Wednesday, January 11, 2012 by Michael Kanin

Plans for a new Travis County Civil and Family Courthouse continue to raise questions.

 

On Tuesday, members of the Travis County Commissioners’ Court approved the allocation of funds for a legal contract associated with the project. This seemingly routine item, however, garnered two no votes: One from Pct. 3 Commissioner Karen Huber and one from Pct. 4 Commissioner Margaret Gomez.

 

The vote marks the second consecutive tally on which Huber and Gomez registered their dissent. On Jan. 3, the pair also voted against the award of a contract to multi-national consulting firm Ernst & Young. The agreement, which passed, is for the company to consult on the feasibility of constructing the new courthouse using a public-private partnership.

 

Neither Huber nor Gomez offered comments from the dais on either vote. Tuesday afternoon, Huber gave In Fact Daily her take on the matter. “I’m a big supporter of getting a new civil courthouse; we need one very badly,” she said. “I do not believe that we are currently walking down the right path in our organizational approach to the new civil courthouse…I do not intend to vote in favor of each step that comes along that continues that process until I see evidence that we have addressed some of the issues that I feel are significant from our internal perspective and management of the civil courthouse process.

 

“It’s no reflection on the particular team members or those involved in the contract,” she continued, “it’s the process.”

 

It’s not the first time Huber and Gomez have registered their concerns. Indeed, Huber has suggested several times in open court that the process that the county settled on to vet potential funding and construction methods for the new complex is inadequate.
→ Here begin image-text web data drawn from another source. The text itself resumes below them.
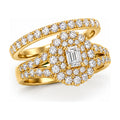 Emerald Cut Double Halo Split Shank Bridal Ring Set, 0.25 ct angle view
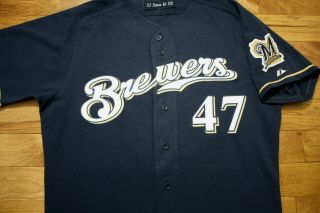 Shane Nance 2003 Milwaukee Brewers game jersey alternate style size 46 3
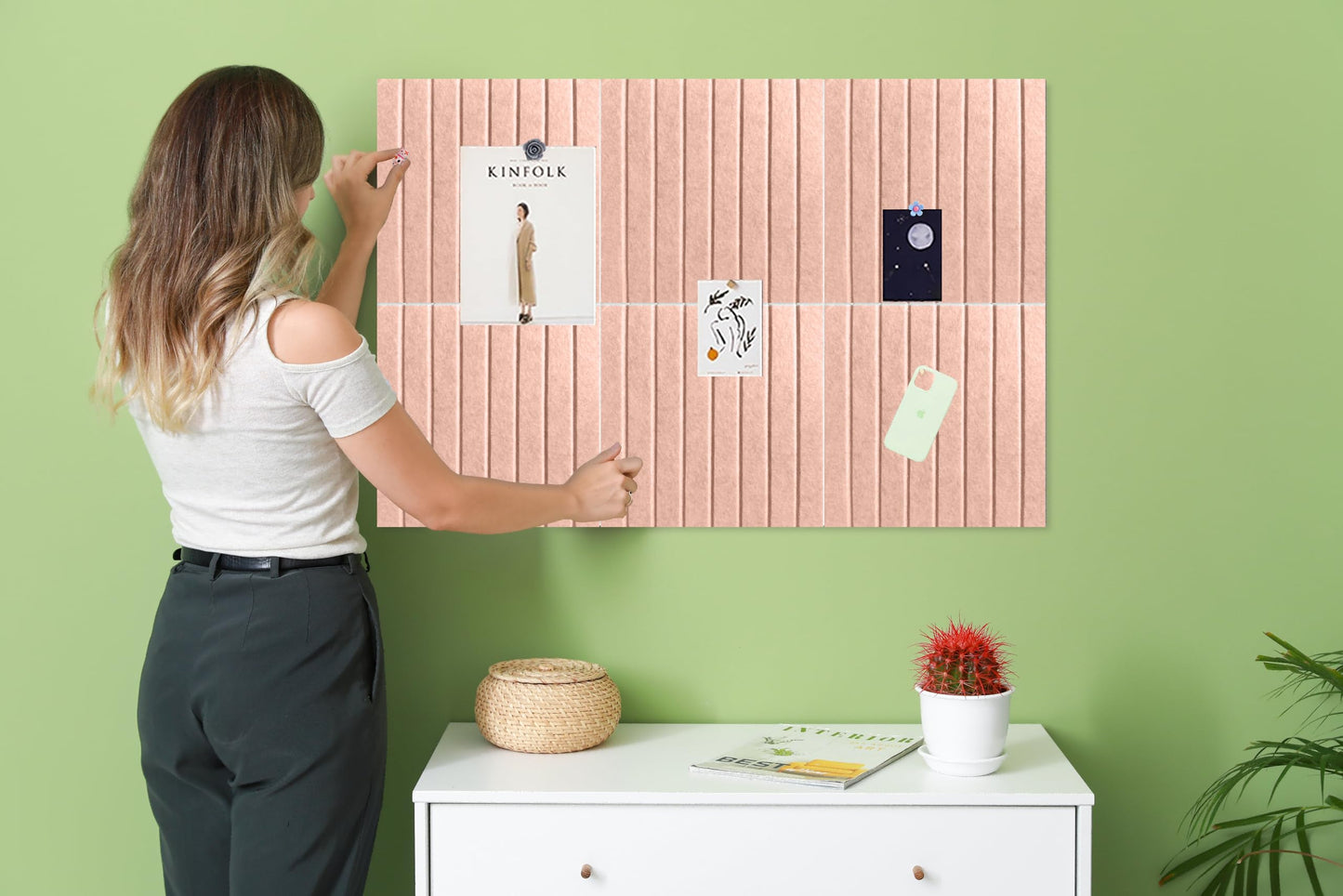 Yunihome Cork Board for Walls 36" x 24", 6 Pack Felt Bulletin Board Wall Tiles with 30 Push Pins for Home Kitchen School Office Wall DIY Decorative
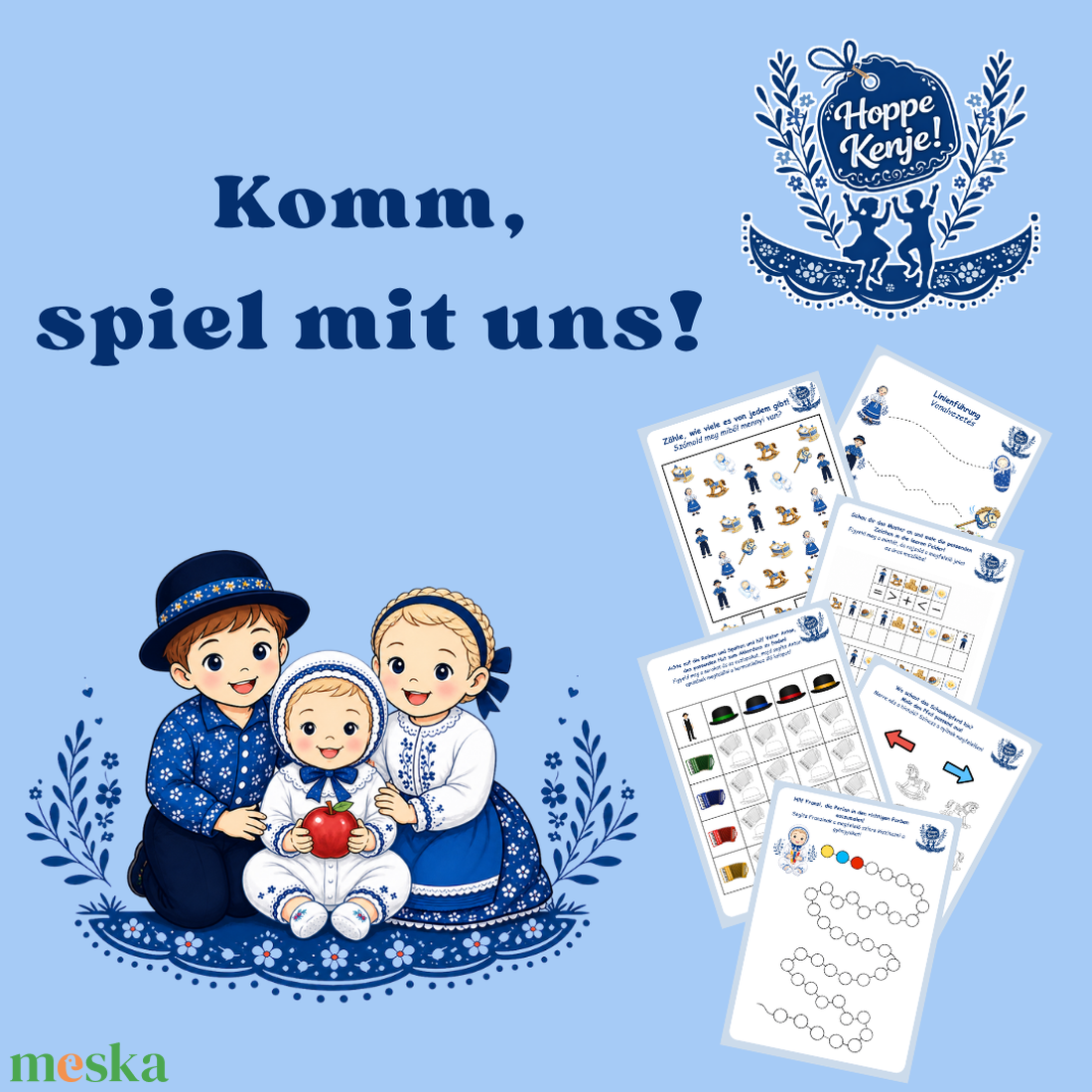 Hoppe Kenje - Arbeitsbl�tter: Komm, spiel mit uns - játék & sport - készségfejlesztő és logikai játék - oktató játékok - Meska.hu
Her concerns center on what she views as a conflict of interest brought about by the fact that the company hired to vet potential construction options could also eventually bid on the project.

 

“I’d just like to say, we will be getting responses from the people who want to do business with us,” she said last April. “They will be telling us what we want to hear.”

               

For her part, Gomez has linked what she sees as a rush to build the new courthouse to the specter of the much-maligned process that resulted in the construction of the county’s current criminal justice complex. “I think what may have happened 10 years ago is that there was some planning – but I don’t know how much,” she said in April. “And then it got put on the ballot because there’s always that rush of needing to get it done, and when that occurs you leave a lot of things uncovered.”

 

The objections from Huber and Gomez are not the only controversy for the project. In mid-December, Travis County Auditor Susan Spataro and the acting head of the county’s Planning and Budget Office Leroy Nellis offered concerns about the process that county officials used to select Ernst & Young. Their worries came in the form of a minority report, produced in their capacity as members of a committee charged with selecting the consultant.

 

Nellis argued that Ernst and Young lacked the qualifications of the other finalist for the consulting gig, KPMG. “I felt very strongly that the firm performing the analysis should have a local real estate component to evaluate the potential of the local commercial real estate market’s ability to absorb additional retail space over the next twenty-five years,” he wrote. “In my opinion, this requirement separated the two firms since KPMG had a local real estate component and Ernst & Young initially proposed using client confidential information and later revised their proposal to utilize a California-based employee to provide the analysis.”

 

Spataro’s office did its own analysis of the groups. There, they weighed the responses against “initiatives important to the Commissioners’ Court or to the usefulness of the final report to the Commissioners’ Court.” Spataro’s office ranked KPMG above Ernst & Young in six of nine categories, and ranked them evenly in another.

 

The split effectively pits Spataro’s office against the office of county purchasing agent Cyd Grimes on the matter.